En el escenario de lujo donde cada risa, cada mirada, era un arma afilada. Leonela, envuelta en su seguridad, avanzaba por el salón a lado de Enrique, como si el mundo entero fuera un público que debían conquistar.

Los murmullos de los invitados se arremolinaban a su paso, pero ella los ignoraba, con la barbilla en alto y una sonrisa que era más desafío que alegría.

Cassandra, desde el otro lado del salón, observaban con una mezcla de desdén y desconcierto, su copa de champán brillando bajo las luces como si fuera un trofeo de su superioridad.

Leonela apenas había dado un sorbo a su copa cuando Cassandra se acercó y la jaló hacia el jardín, con pasos rápidos y el rostro tenso, como si estuviera a punto de estallar. La música se desvanecía en el fondo, y el aire se cargó de una electricidad que presagiaba tormenta.

—¿Qué crees que estás haciendo, Leonela? —espetó Cassandra, su voz cortante como el filo de un diamante.

Se cruzó de brazos, como acto reflejo de quien se enfunda en una armadura brillante.

—¿Traer a un mesero como tu acompañante? ¡Por Dios, estás haciendo el ridículo! ¡Váyanse antes de que esto se vuelva patético!
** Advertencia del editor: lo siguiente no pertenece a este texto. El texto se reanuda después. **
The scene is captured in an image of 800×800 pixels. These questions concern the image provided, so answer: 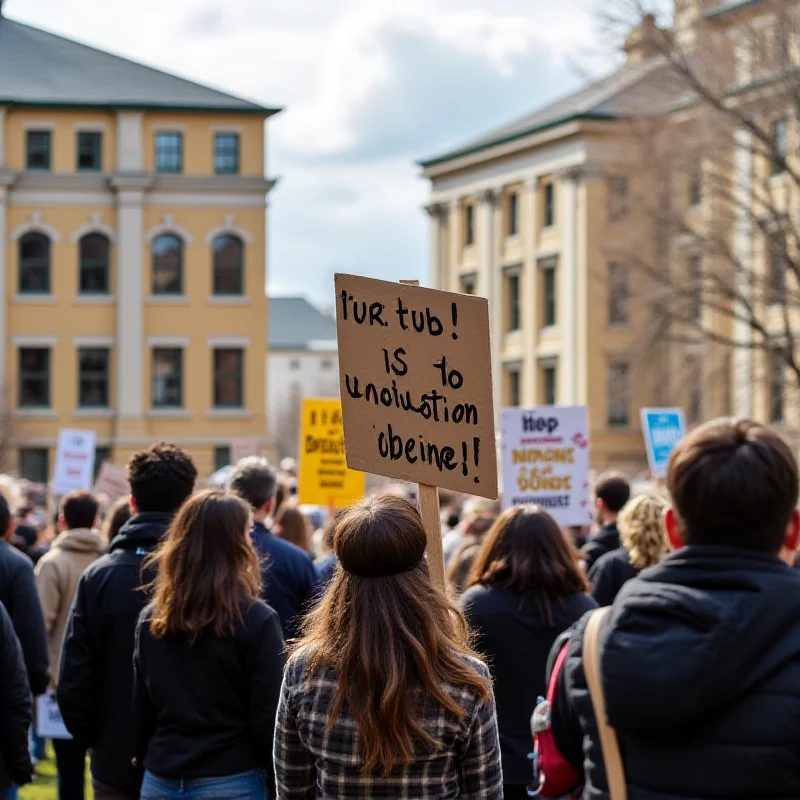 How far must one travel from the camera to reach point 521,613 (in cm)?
625

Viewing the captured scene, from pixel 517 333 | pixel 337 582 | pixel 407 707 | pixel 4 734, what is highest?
pixel 517 333

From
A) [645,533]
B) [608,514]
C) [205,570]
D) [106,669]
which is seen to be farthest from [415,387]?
[608,514]

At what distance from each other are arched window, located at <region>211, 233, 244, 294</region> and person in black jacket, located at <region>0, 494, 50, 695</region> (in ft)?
137

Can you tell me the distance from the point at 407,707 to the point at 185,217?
45.5 metres

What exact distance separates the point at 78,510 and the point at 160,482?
2.81m

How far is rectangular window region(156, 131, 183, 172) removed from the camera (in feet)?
158

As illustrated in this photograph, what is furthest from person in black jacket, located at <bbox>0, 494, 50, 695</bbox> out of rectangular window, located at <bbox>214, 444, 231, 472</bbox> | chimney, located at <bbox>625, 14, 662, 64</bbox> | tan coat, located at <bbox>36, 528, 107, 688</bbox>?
rectangular window, located at <bbox>214, 444, 231, 472</bbox>

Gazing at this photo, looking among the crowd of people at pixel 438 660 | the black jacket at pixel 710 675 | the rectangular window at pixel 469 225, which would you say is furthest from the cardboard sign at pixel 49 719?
the rectangular window at pixel 469 225

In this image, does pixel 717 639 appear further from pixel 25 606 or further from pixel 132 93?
pixel 132 93

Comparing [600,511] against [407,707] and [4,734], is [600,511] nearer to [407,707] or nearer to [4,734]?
[4,734]

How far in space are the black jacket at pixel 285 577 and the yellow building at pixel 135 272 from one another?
4145 cm

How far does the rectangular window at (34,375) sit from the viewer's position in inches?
1933

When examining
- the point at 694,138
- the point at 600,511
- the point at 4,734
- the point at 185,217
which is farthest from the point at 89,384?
the point at 4,734

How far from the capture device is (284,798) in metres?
4.20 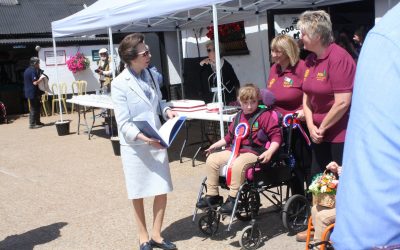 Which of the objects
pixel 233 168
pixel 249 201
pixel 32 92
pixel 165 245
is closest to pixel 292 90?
pixel 233 168

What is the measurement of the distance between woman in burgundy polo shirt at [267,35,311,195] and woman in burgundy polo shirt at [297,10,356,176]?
0.46m

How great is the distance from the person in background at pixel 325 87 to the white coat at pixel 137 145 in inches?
47.3

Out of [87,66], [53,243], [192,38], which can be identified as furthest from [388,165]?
[87,66]

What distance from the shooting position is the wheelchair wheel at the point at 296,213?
401 cm

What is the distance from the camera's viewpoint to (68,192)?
20.4ft

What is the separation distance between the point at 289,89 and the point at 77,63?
13040mm

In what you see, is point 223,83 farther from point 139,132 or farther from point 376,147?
point 376,147

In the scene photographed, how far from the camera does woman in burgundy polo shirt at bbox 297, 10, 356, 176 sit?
344cm

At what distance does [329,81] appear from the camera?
3.50 metres

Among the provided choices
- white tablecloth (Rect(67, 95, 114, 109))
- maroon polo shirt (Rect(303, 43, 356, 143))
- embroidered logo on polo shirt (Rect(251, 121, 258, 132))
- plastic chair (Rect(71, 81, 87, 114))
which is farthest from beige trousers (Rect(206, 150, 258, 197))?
plastic chair (Rect(71, 81, 87, 114))

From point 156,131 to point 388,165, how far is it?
9.89ft

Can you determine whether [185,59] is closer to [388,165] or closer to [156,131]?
[156,131]

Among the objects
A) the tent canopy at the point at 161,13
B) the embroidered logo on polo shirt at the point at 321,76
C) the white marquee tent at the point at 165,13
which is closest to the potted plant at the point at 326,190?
the embroidered logo on polo shirt at the point at 321,76

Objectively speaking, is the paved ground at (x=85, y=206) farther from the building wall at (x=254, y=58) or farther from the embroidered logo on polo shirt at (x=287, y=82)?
the building wall at (x=254, y=58) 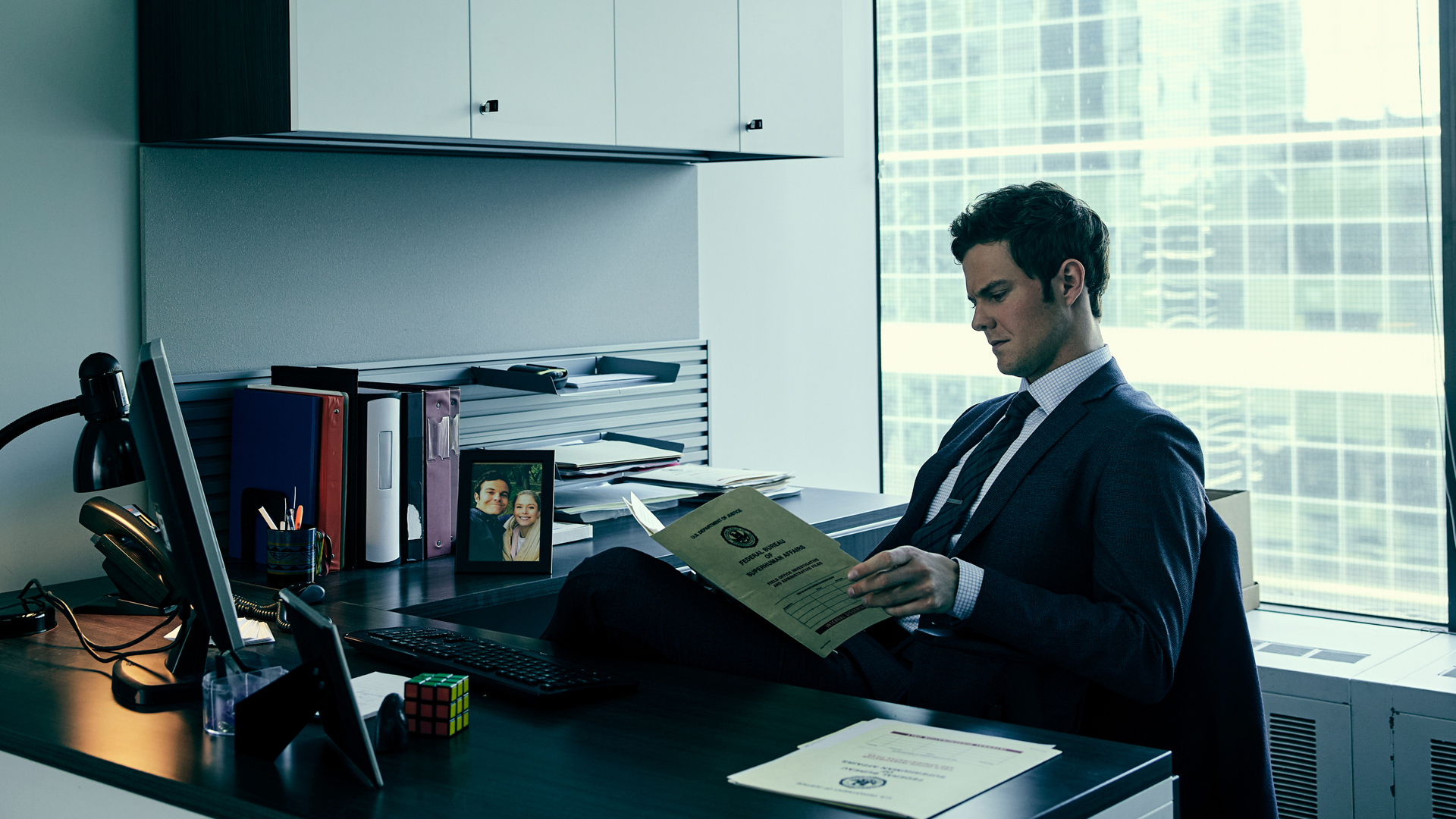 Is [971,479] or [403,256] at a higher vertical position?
[403,256]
Leonela soltó una risa seca, sus ojos centelleando con una furia contenida.

—Patético es que creas que puedes decirme qué hacer, Cassandra. Me quedo, y créeme, me voy a divertir muchísimo. ¿Te molesta? Porque parece que te arde mi felicidad.

Cassandra entrecerró los ojos, su sonrisa afilada.

—¿Quién es ese tipo, Leonela? ¿Algún actor sin trabajo que contrataste para no llegar sola? Dime, ¿cuánto le pagaste para que finja ser tu novio? —Hizo una pausa, bajando la voz con un tono venenoso—. Sabes que papá está mirando, ¿verdad? Y conocemos su condición. La que se case primero, se queda con el puesto directivo en la empresa. ¿Crees que este numerito te va a ayudar? ¡Exijo respeto!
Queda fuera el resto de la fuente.